▶ _ACTIVITY_
Where the listing below has a line with "Casa ID.633 - Casa", write out exactly that line and every line after it, stopping after the line with "appartamento in vendita a Ponsacco".

▶ _GIVEN RECORDS_
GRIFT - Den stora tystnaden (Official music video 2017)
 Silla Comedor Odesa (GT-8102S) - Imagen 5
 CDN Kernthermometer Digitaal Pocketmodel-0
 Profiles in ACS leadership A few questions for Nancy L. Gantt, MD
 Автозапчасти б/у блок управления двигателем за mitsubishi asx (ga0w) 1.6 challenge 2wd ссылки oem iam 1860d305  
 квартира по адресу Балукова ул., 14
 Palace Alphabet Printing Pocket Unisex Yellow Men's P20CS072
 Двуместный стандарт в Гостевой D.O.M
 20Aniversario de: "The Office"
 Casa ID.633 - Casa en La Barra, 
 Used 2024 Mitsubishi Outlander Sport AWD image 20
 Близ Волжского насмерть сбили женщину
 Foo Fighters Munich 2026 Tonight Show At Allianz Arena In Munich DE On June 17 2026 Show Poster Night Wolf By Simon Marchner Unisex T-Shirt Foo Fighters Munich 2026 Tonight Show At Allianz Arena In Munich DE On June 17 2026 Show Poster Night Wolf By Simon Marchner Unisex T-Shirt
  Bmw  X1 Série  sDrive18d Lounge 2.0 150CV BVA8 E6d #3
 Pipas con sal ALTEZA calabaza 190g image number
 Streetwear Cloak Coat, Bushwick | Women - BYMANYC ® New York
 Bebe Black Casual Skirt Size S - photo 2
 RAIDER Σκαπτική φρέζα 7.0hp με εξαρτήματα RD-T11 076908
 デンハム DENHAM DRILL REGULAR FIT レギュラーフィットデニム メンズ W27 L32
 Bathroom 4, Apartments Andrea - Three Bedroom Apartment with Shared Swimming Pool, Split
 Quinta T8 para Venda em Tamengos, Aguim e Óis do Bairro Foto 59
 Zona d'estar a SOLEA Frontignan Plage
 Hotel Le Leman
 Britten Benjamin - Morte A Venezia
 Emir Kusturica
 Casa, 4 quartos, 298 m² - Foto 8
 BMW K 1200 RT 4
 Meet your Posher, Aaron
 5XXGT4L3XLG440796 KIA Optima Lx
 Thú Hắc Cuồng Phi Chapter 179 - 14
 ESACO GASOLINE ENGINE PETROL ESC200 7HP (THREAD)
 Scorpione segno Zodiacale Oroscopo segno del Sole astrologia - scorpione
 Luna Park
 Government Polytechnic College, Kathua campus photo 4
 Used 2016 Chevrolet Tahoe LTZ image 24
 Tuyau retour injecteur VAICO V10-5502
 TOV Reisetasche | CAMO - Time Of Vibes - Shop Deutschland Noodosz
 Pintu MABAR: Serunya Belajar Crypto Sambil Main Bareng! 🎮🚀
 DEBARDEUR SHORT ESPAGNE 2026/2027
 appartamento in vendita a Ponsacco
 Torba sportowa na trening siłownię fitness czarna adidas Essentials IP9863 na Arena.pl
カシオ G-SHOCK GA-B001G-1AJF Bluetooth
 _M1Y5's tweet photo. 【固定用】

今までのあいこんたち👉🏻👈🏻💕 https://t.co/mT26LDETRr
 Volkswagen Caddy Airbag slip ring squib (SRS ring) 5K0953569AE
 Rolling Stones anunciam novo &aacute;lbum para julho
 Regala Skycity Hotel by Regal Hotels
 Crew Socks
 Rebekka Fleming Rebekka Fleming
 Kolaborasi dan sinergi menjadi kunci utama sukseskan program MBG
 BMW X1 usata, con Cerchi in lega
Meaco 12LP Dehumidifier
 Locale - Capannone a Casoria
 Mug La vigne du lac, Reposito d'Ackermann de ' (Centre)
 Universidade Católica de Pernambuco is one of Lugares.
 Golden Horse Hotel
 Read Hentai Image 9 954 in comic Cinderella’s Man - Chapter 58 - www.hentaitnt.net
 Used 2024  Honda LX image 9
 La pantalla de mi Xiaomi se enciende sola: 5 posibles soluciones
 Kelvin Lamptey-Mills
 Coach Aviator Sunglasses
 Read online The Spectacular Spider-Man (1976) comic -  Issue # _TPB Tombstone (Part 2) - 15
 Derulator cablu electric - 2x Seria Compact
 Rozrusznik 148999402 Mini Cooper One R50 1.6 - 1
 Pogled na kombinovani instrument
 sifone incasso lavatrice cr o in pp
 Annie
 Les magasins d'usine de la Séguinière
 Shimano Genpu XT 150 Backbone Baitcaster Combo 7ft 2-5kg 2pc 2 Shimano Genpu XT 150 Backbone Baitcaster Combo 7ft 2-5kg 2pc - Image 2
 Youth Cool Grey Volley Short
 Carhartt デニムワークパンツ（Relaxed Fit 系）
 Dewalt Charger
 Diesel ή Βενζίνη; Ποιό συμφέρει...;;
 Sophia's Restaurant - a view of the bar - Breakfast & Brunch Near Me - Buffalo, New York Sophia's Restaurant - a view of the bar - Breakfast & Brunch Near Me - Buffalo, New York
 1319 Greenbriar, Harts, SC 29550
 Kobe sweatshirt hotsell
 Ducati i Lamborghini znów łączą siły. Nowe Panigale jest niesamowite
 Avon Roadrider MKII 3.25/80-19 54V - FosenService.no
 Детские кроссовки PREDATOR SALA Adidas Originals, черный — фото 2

▶ _WRITTEN ANSWER_
 Casa ID.633 - Casa en La Barra, 
 Used 2024 Mitsubishi Outlander Sport AWD image 20
 Близ Волжского насмерть сбили женщину
 Foo Fighters Munich 2026 Tonight Show At Allianz Arena In Munich DE On June 17 2026 Show Poster Night Wolf By Simon Marchner Unisex T-Shirt Foo Fighters Munich 2026 Tonight Show At Allianz Arena In Munich DE On June 17 2026 Show Poster Night Wolf By Simon Marchner Unisex T-Shirt
  Bmw  X1 Série  sDrive18d Lounge 2.0 150CV BVA8 E6d #3
 Pipas con sal ALTEZA calabaza 190g image number
 Streetwear Cloak Coat, Bushwick | Women - BYMANYC ® New York
 Bebe Black Casual Skirt Size S - photo 2
 RAIDER Σκαπτική φρέζα 7.0hp με εξαρτήματα RD-T11 076908
 デンハム DENHAM DRILL REGULAR FIT レギュラーフィットデニム メンズ W27 L32
 Bathroom 4, Apartments Andrea - Three Bedroom Apartment with Shared Swimming Pool, Split
 Quinta T8 para Venda em Tamengos, Aguim e Óis do Bairro Foto 59
 Zona d'estar a SOLEA Frontignan Plage
 Hotel Le Leman
 Britten Benjamin - Morte A Venezia
 Emir Kusturica
 Casa, 4 quartos, 298 m² - Foto 8
 BMW K 1200 RT 4
 Meet your Posher, Aaron
 5XXGT4L3XLG440796 KIA Optima Lx
 Thú Hắc Cuồng Phi Chapter 179 - 14
 ESACO GASOLINE ENGINE PETROL ESC200 7HP (THREAD)
 Scorpione segno Zodiacale Oroscopo segno del Sole astrologia - scorpione
 Luna Park
 Government Polytechnic College, Kathua campus photo 4
 Used 2016 Chevrolet Tahoe LTZ image 24
 Tuyau retour injecteur VAICO V10-5502
 TOV Reisetasche | CAMO - Time Of Vibes - Shop Deutschland Noodosz
 Pintu MABAR: Serunya Belajar Crypto Sambil Main Bareng! 🎮🚀
 DEBARDEUR SHORT ESPAGNE 2026/2027
 appartamento in vendita a Ponsacco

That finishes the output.